Assumptions
Many assumptions have been made in the formulation of this protocol. This
section documents the assumptions that are felt to be significant.
Hardware Assumptions
As would be expected, there are a huge range of devices which could be
encountered as clients using this protocol. We describe three machines:
a low end, a "median" specification, and the emerging higher capacity machines.
A "low-end" machine, which will often be encountered in existing implementations,
and which may be required to have the Argo protocol implemented on them,
in situ, would be:
-
16MHz Z80 or HC11 8-bit processor
-
32K to 128K RAM
-
32K Flash ROM
The "typical" machine found in an external environment, requiring ruggedised
construction, would be:
-
33MHz 386EX 16 bit processor
-
1MB RAM
-
1MB Flash ROM
A "high-end" machine, starting to find its way into limited deployment
currently, would be:
-
300 MHz Pentium 32-bit processor
-
RAM ???
-
ROM ???
Network Assumptions
It is assumed that the network connecting the client devices to the brokers
supports TCP/IP.
All multi-byte data values will be sent in Network Order (Big-Endian).
Often, communications will be over satellite links, incurring high per-byte
costs. Typical latency on such a link would be 600ms in each direction.
Serial communications are typically implemented as SLIP at 600 baud.
It is interesting to note that typical Service Level Agreements for
satellite communications links offer 99.9% availability - equivalent to
9 hours per year downtime.
The types of communications fabrics typically encountered include:
-
microwave
-
fibre
-
leased line
-
geostationary satellite (GEO)
-
low earth orbit satellite (LEO)
-
Asynchronous Transfer Mode (ATM)
-
Radio Frequency (RF)
Software Assumptions
Embedded systems are today programmed almost exclusively in C.
Currently no producction machines have sufficient CPU or memory to support
a Java Virtual Machine, however progress in Embedded Java is being closely
monitored.
Operating System softwware is generally proprietary and minimalist in
nature, though there is increasing interest in making use of Linux on higher-end
systems.
It is important to remember that this is a specialised protocol for
communication from remote, "low end" devices, into a message broker. There
is no assumption that this protocol will be used for general application
programming on workstation class machines.
The Message Identifier used for QoS 1 and QoS 2 message delivery is
a rolling 16 bit value. This assumes that not more than 65,536 messages
will be "in flight", i.e. in the process of being exchanged between
sender and receiver, at any time. For more information, see the Quality
of Service section.
It is assumed that messages requiring acknowledgement will "overlap",
in the sense that several messages could be sent out without waiting for
any of the responses to come back. This is in contrast to strictly "serial"
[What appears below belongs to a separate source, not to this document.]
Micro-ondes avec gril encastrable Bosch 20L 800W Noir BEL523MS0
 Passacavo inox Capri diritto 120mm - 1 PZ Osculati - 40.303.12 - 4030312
communication, where each message would have to be dealt with in
its entirity before moving on to the next.
All strings will be encoded using UTF-8. The
only modification to this is that the Topic field in a PUBLISH message
may undergo compression.See the PUBLISH section
for more details.
Quality of Service Assumptions
The assumptions made for level of assurance in message delivery are covered
in the Quality of Service section.
Scaling Assumptions
It is useful to define typical "low", "medium" and "high" sets of scaling
assumptions.
Scale |
Industry Example |
Typical message traffic |
low |
Gas |
up to 120 bytes at intervals between 2 mins and 1 hour, median 15 mins. |
medium |
Liquids |
up to 120 bytes every 5 seconds per site |
high |
Electricity substation |
messages can be milliseconds apart, with very high peak traffic. |
A typical system, involving a number of clients communicating
with a single broker, would comprise 500 to 1000 client devices,
with an average of 50 messages per second, peaking at 200
messages per second.
It should be noted that for different industry applications, message
arrival rates, message sizes and peak traffic volumes differ widely.
Discussion
-
ASC on concurrent messages
-
There is a question about the use of concurrent writes versus sequential
blocking for guaranteed messages: i.e. do we wait for an ACK for a packet
before sending the next one, or is it desirable to transmit a sequence
of messages and gather ACKS asynchronously? Clearly in cases where connections
are charged by the second, it is preferable not to have to wait for each
message to commit at the broker end before we get the next one into the
comms pipeline. However, there are implications for the need for sequence
IDs, and also for responses to other protocol messages (such as Subscribe),
which would be resolved in different ways, based on the serialisation policy
of the stream. For example, we would need a Subscribe-specific ACK packet
type if there was overlapped acknowledgement, so as not to confuse a mid-stream
Subscribe acknowledgement with the ACK from a guaranteed packet.
-
Comment
-
Messages can be overlapped, and hence the Message Identifier is needed.
-
ASC on retries
-
How often are retries attempted on failed packets? Is it on a timer, in
which case is it a fixed period, or is it only on notification of an error
on the communication line?
AN Comment
-
It is an application specific parameter, and no specific retry interval
is defined by this specification. Typical values can range from 100s of
milliseconds to some minutes.
-
ASC on UTF
-
Is UTF-8 the most appropriate character encoding? This boils down to size
of messages and hence cost, versus the National Language requirements of
an international marketplace.
-
AN comment
-
Even in non-English speaking countries, strings are still specified in
English, and so in fact ASCII with either a 0x00 terminator, or a preceding
length byte would be perfectly alright. However, UTF does not impose a
significant overhead, and in light of IBM's NLS requirements it would be
appropriate to use the UTF encoding.
Last Modified: 27-Mar-99